___ Information ___

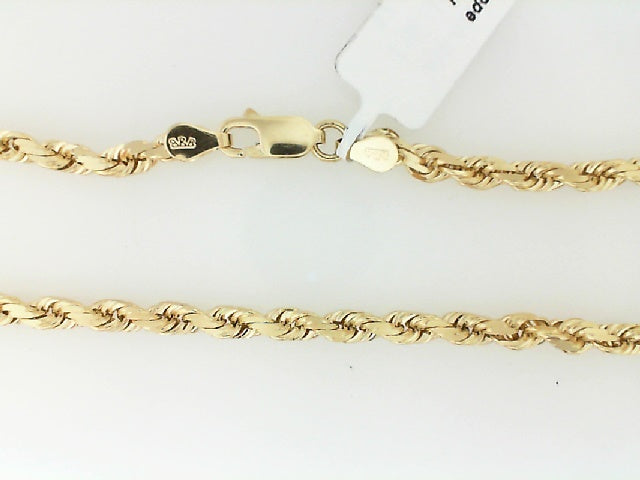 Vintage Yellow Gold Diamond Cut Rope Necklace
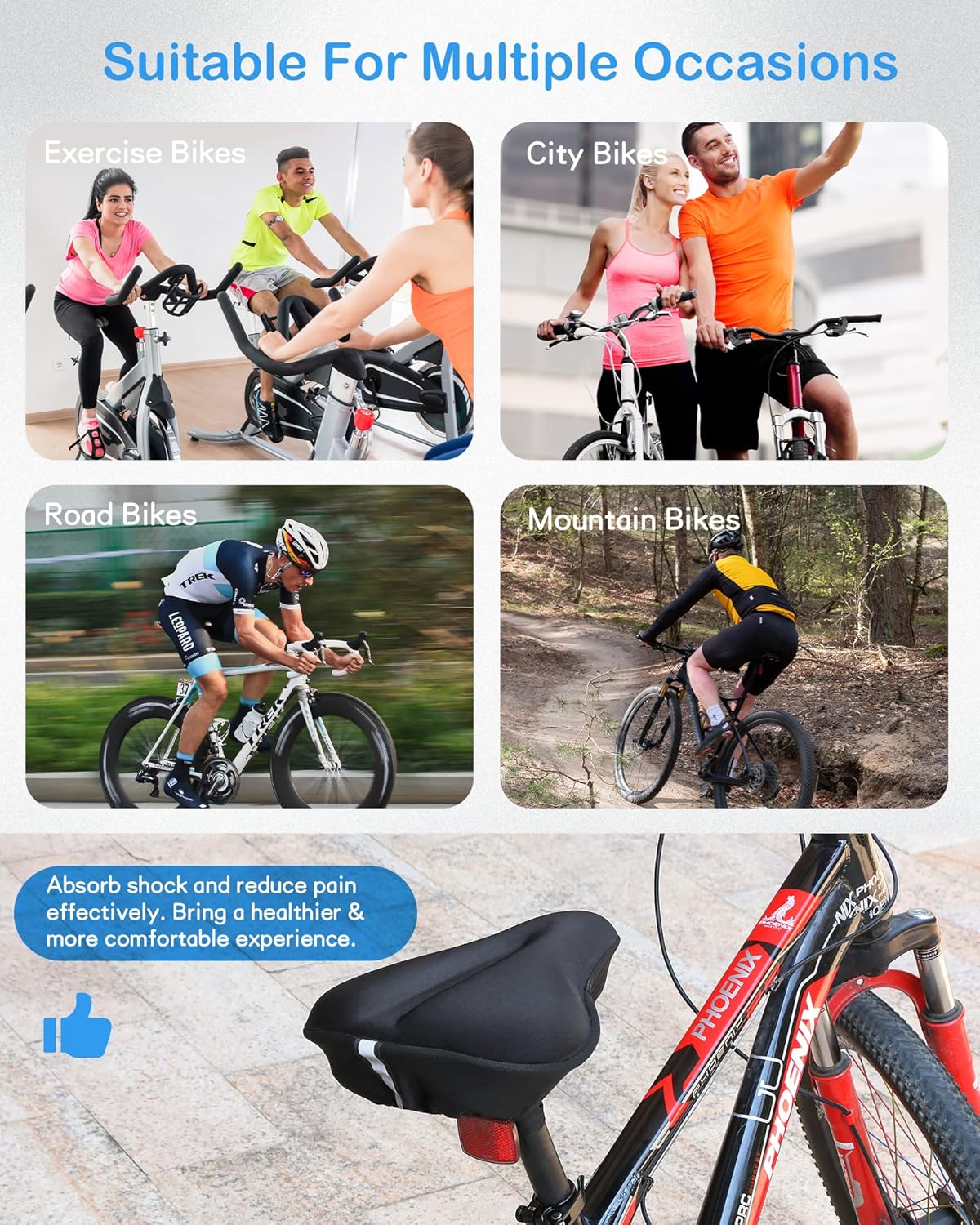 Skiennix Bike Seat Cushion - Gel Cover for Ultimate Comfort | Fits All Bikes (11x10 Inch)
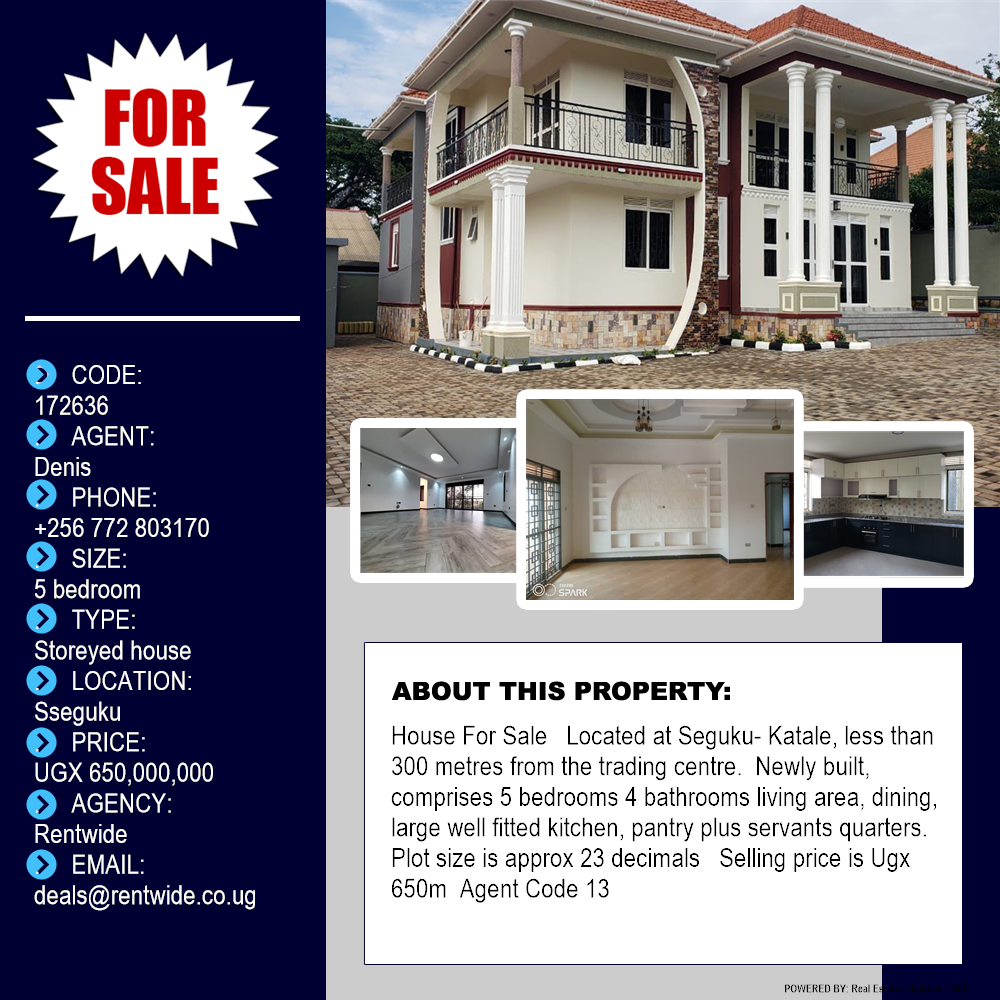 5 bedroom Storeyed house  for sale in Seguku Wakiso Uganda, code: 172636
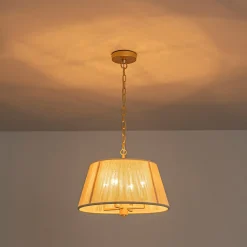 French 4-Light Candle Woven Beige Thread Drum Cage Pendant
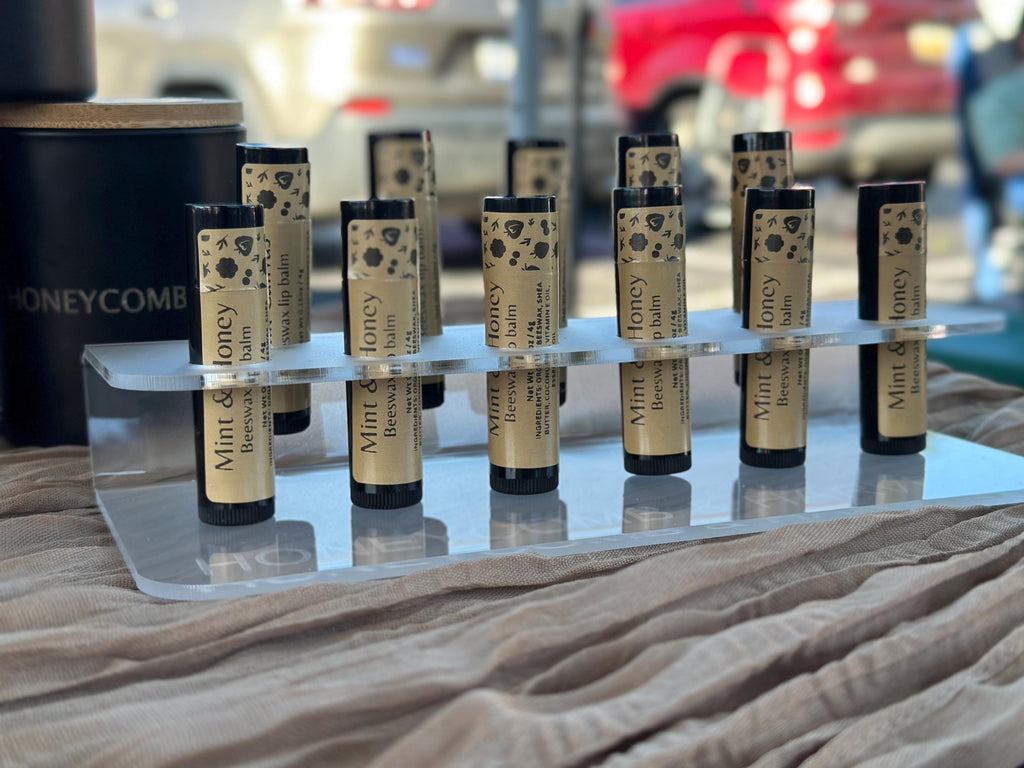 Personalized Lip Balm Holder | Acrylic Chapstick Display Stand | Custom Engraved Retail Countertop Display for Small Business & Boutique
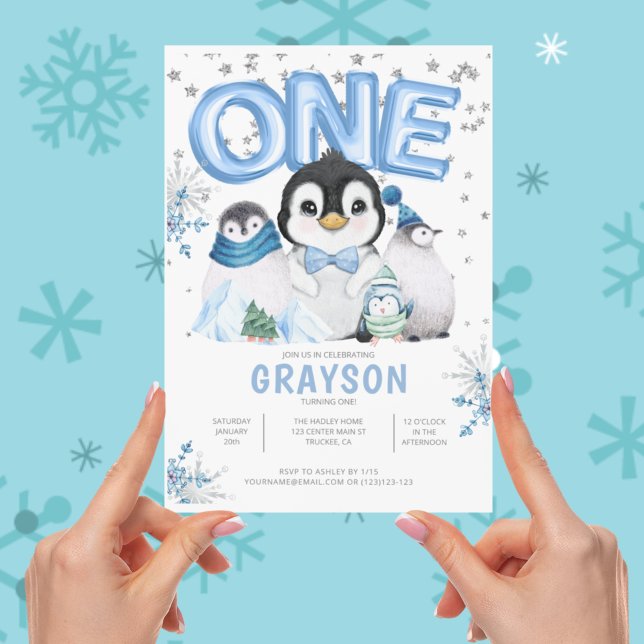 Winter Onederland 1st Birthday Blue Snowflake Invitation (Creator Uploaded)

___

Task details ▸
Please repeat all of the data exactly as it stands, leaving the pictures out.

Output ▸
 Vintage Yellow Gold Diamond Cut Rope Necklace
 Skiennix Bike Seat Cushion - Gel Cover for Ultimate Comfort | Fits All Bikes (11x10 Inch)
 5 bedroom Storeyed house  for sale in Seguku Wakiso Uganda, code: 172636
 French 4-Light Candle Woven Beige Thread Drum Cage Pendant
 Personalized Lip Balm Holder | Acrylic Chapstick Display Stand | Custom Engraved Retail Countertop Display for Small Business & Boutique
 Winter Onederland 1st Birthday Blue Snowflake Invitation (Creator Uploaded)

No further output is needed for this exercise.